Isso contrasta com os agentes económicos, conhecidos como bilionários, que atuam dentro das regras da economia de mercado, onde a propriedade privada é salvaguardada e as decisões de investimento, produção e distribuição são regidas pelos sinais criados pela lei da oferta e da procura.

“A expressão oligarca tornou-se uma espécie de tique de linguagem da nossa parte, quando começamos a falar daqueles que controlam a riqueza por privilégio, por concessão direta. Temos setores inteiros que foram atribuídos a quatro ou a cinco pessoas”, frisa.

Como é que as sanções económicas vão pressionar Putin?

Parte da reação do Ocidente à invasão da Ucrânia passou pelo apertar do cerco à elite económica russa e a alguns dos seus familiares. A estratégia passa pela crença de que muitos destes milionários que são próximos do Kremlin poderão não gostar de ver as suas fortunas reduzidas e os seus ativos congelados, e que poderão exercer pressão junto de Vladimir Putin para parar a guerra e eles poderem retomar a atividade económica.

Em declarações à CNN Portugal, a especialista em assuntos internacionais Diana Soller acredita que o facto de estes bilionários russos da confiança de Putin não deterem o controlo do sistema coloca em causa a estratégia ocidental de máxima pressão aos oligarcas. “Os oligarcas não controlam o sistema. É o sistema que controla os oligarcas. Poderá haver um ou outro oligarca que tenha algum controlo sobre o regime, mas eu duvido muito. Há uma cúpula das elites político-militares que gravitam à volta de Putin, mas é uma cúpula muito pequena e muito controlada pelo Estado”, destaca. 

A possibilidade de que parte deste grupo de pessoas que beneficia da sua relação de proximidade com Vladimir Putin se vire contra o Kremlin é, para Diana Soller, wishful thinking por parte do Ocidente, uma vez que nada garante a estes indivíduos que não serão responsabilizados após a queda do líder.

“Nós gostaríamos de acreditar que a cúpula do poder teria capacidade para derrubar o presidente Putin, mas não me parece que isso seja verdade. Há um controlo muito forte do Kremlin. Se Putin cair, toda a gente cai com ele. Seja a elite política, seja a económica ou a mediática, não há qualquer interesse no derrube de Vladimir Putin. No dia em que Putin cair, a elite cai com ele”, aponta.
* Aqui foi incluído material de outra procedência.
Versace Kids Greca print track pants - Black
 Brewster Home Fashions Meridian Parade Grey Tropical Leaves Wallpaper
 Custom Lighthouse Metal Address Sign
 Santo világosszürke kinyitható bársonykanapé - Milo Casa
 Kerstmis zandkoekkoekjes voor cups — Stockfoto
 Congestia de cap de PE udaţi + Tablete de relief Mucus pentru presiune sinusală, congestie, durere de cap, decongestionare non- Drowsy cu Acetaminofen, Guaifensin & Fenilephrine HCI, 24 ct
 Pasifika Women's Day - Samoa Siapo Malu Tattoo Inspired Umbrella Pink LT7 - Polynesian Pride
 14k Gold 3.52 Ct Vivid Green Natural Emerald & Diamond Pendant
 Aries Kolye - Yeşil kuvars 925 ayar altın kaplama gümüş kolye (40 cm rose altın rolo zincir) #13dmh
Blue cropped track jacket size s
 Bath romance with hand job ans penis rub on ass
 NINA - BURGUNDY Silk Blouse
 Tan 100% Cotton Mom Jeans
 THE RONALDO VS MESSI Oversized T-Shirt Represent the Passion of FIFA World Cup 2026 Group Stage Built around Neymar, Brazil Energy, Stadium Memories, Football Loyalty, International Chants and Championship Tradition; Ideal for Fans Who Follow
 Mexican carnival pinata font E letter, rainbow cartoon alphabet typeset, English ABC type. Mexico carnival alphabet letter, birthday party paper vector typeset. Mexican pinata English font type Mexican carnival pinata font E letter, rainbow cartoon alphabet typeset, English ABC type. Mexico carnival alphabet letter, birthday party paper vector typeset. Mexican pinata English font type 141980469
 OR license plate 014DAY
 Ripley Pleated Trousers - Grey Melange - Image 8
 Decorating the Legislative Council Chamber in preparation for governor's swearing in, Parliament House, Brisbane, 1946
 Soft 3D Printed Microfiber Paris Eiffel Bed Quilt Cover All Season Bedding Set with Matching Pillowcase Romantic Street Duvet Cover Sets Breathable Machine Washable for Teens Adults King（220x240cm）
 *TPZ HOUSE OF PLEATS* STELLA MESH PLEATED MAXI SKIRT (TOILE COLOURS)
A mesma opinião é partilhada por Mikhail Khodorkovsky. O antigo magnata do petróleo russo acredita que para travar a guerra não basta sancionar o seu círculo intimo, mas sim “retirar qualquer oxigénio financeiro” ao regime russo. “Porque é que as sanções cobrem apenas 70% dos bancos russos? Qualquer pagamento a favor da Rússia ou nos interesses do regime de Putin deve ser travado. Para isso, todas as contas que pertencem a oligarcas devem ser bloqueadas até que a guerra pare”, sublinha em conversa com Fareed Zakaria, da CNN Internacional.

“Nunca propus sanções contra a Rússia, mas agora temos de parar esta guerra. Não há um preço demasiado elevado para travar esta guerra”, disse.